RE3IRAS-Investment in Rural Assets

Module Provider: Real Estate and Planning
Number of credits: 20 [10 ECTS credits]
Terms in which taught: Spring term module
Non-modular pre-requisites:
Modules excluded:
Current from: 2022/3

Module Convenor: Mrs Angela Cropley

Type of module:

Summary module description:

Investment in rural land and property has been a significant element of the UK countryside for generations but the sector is seeing substantial change, with traditional family and institutional owners being joined by new investors, whether for individual or corporate investment.

Rural property has been seen as a conservative but safe asset, often demonstrating contra-cyclical performance, and thus attracting investors seeking to balance more speculative asset classes in their portfolios.
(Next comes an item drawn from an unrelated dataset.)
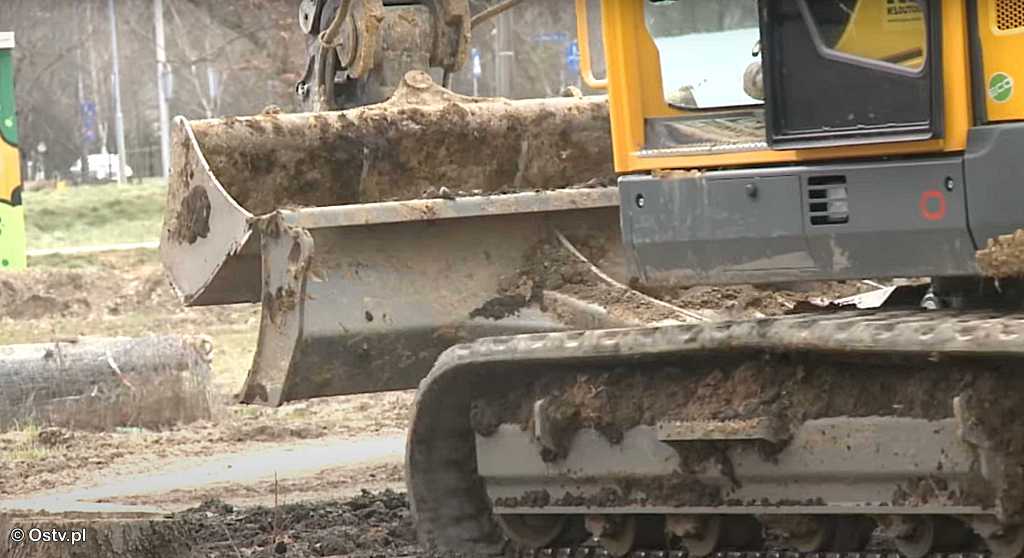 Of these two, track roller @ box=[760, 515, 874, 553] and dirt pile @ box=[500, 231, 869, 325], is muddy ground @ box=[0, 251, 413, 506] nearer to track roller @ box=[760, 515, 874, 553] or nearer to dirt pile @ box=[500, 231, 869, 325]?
dirt pile @ box=[500, 231, 869, 325]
Traditionally agriculture has been the focus of this investment, but emerging markets are gaining ground in the rural sector, particularly in terms of natural capital and ecosystem services.
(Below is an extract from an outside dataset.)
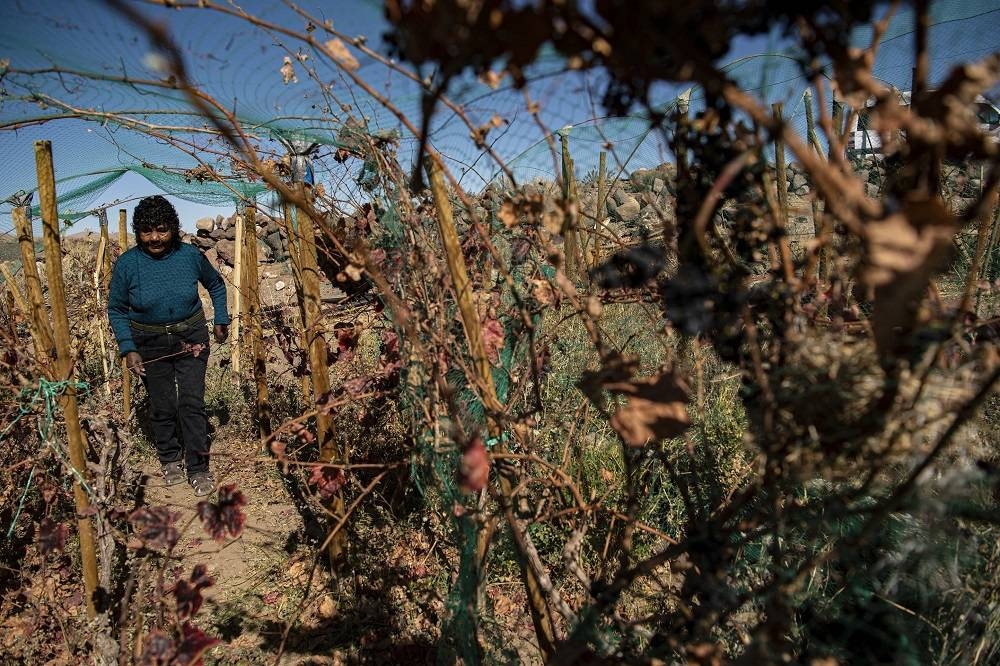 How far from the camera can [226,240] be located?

Those operating in this sphere need to demonstrate technical knowledge in various areas, from an understanding of the core influences on rural land as an asset class to the ability to analyse and project long-term financial performance. This module is intended to introduce Real Estate students, including those who wish to make a career in the rural sector, to the range of financial, economic and asset management skills required to offer strategic advice in this area.
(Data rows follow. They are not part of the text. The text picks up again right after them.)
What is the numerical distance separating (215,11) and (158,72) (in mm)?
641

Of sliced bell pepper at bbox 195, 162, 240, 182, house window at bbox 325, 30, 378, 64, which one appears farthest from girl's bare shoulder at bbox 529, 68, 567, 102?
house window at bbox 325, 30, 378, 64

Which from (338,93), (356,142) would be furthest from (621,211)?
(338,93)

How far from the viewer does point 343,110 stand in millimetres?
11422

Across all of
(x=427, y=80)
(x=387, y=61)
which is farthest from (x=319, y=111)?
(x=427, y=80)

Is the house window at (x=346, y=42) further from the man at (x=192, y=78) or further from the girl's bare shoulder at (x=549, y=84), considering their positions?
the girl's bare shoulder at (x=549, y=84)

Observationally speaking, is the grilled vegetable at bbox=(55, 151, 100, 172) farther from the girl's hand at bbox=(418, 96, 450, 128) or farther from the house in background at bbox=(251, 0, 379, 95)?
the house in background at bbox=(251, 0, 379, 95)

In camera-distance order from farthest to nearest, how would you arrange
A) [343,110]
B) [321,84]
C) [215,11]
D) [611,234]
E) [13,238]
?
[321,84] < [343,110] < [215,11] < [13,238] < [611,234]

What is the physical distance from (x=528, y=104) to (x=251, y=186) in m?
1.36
The aims of the module are to provide students with the appropriate technical and strategic consultancy skills to:

  • Analyse and interpret motivations for investment in the rural property sector;

  • Reflect on the ambitions and approach of different investors, whether passive managers of legacy estates or active portfolio developers;

  • Review the increasing demand for rural land for a variety of uses, including food production, forestry, renewable energy, leisure and recreation, ecosystem services, and residential and commercial development;

  • Explore the influences on owners and investors in the rural sector, including strategic opportunities, taxation and ESG.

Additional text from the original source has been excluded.